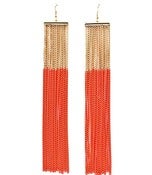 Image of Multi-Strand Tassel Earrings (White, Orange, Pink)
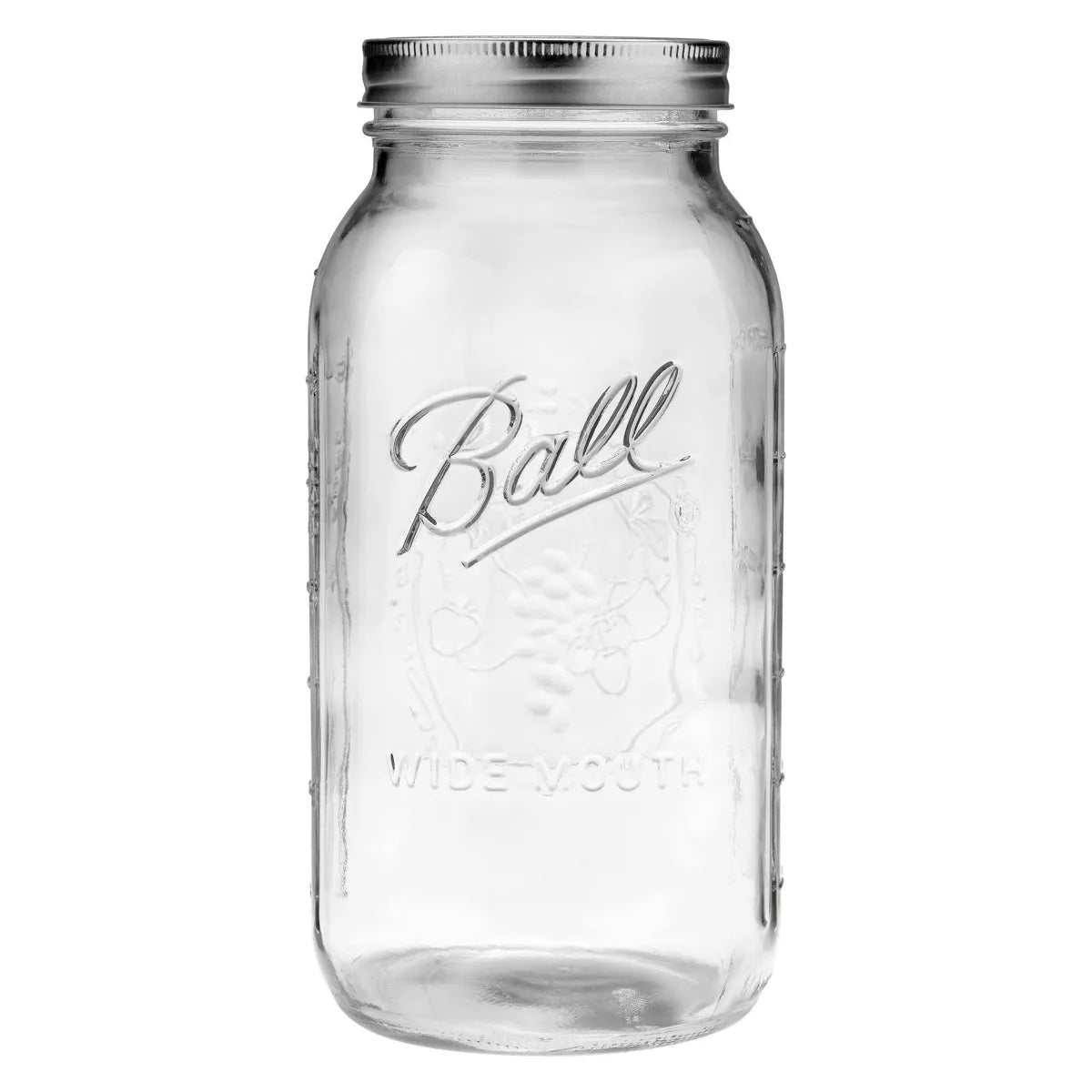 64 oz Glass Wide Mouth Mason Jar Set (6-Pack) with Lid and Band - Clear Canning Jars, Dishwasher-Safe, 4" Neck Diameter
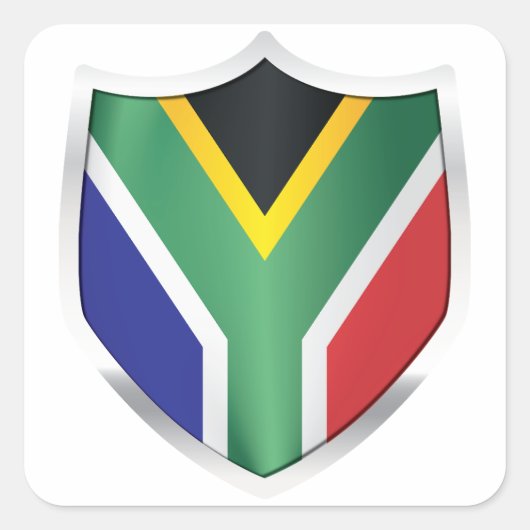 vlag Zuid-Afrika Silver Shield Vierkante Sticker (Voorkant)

▶ **THE PROBLEM**: Find the line containing "64 oz Glass" in the listing above. Please restate word for word that line through the last one, leaving out the pictures.

▶ **ANSWER TO THE EXERCISE**:
 64 oz Glass Wide Mouth Mason Jar Set (6-Pack) with Lid and Band - Clear Canning Jars, Dishwasher-Safe, 4" Neck Diameter
 vlag Zuid-Afrika Silver Shield Vierkante Sticker (Voorkant)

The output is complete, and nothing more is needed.